The Sub-Committee Members’ raised questions on whether there were occurrences where a child had been referred to the Fair Access Panel and had had their referral rejected and if this would result in permanent exclusion from their school. Officers confirmed that this did occur but not often due to effective challenge by the panel on what solutions had been sought and if all that could be done for the pupil had been explored
A Member commented that whilst the report tried to cover various aspects, it was difficult to be effective as there were different issues experienced in different schools. There were concerns of a marked reduction in GSCE outcomes in some academy chains, in addition to the issues of children coming off the school roll. It was suggested that it would have been interesting to review data on the comparison of some academy chains against national figures on the level of year 10 and 11 GCSE children coming off the school roll which was a crucial school year.
The Executive Head of Harris responded that Members take account of the demographics of London compared to the rest of the country when looking at any comparative data. Members were informed that any academy school did not want to lose pupils and that in Harris schools when looking at mobility, his figures reflected that since September 2018, 37 pupil had left the school but 50 had joined the school. It the school was losing students it also had to recruit students and pupils did not tend to leave in years 10 and 11 as these were exam years, the number of pupils at his school’s in year 10 were no different to that in year 11.
Concern was raised that the majority of the discussion had focused on data and not necessarily on exclusions and the reasons behind the rate of occurrences. It was questioned whether there was an assumption that if some academies excluded more than others it made them an unsatisfactory chain of schools. In response, the Executive Head of Harris School highlighted that they had the lowest exclusion rate of schools in the borough and Ofsted had mentioned in their reports. The school saw itself as a second chance for some pupils.
The Executive Director for Children, Families and Education stated that discussions would be held with senior officers on how to capture information on all areas of the discussion covered in order to provide assurance on these matter and to reflect on the issues and challenges presented from this meeting.
The Chair and fellow Sub-Committee members were explicit in their requirement for any data supplied to be Croydon specific and broken down by individual schools due to the variance in the demographics of the borough and its complexity.
In reaching its recommendations the Sub-Committee came to the following Conclusions:
i. That the Secondary School Heads Associations appeared to work well and were engaged in their meetings
ii. It was difficult to understand the process regarding the exclusion of children and the Fair Access Panels.
iii. The Local Authority did not have sight of managed transfers.
iv. There was limited comprehensive data available regarding those children that came off the school roll and their outcomes.

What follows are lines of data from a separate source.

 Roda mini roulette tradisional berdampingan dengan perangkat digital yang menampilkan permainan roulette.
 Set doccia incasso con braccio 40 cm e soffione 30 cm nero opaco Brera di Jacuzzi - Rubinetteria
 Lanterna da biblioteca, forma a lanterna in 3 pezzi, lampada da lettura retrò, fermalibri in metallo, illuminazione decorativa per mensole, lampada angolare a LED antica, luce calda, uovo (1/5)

v. The Sub-Committee would welcome further information on the progress of the recently launched staged approach for Primary Schools which enabled PRU places at Bramley Bank.
The Sub-Committee Resolved to:
i. Recommend to the Council that further information be provided to the Sub-Committee on exclusions and the flow of children through the education system.
ii. Recommend to the Council that better monitoring of managed transfers was required to ensure the Local Authority better oversight of outcomes for children involved in the process.
iii. Form a Task Group to investigate and collate data on children coming off the school roll and the mechanisms involved, with a view to reporting back at the Sub Committee meeting on the 12 March 2019.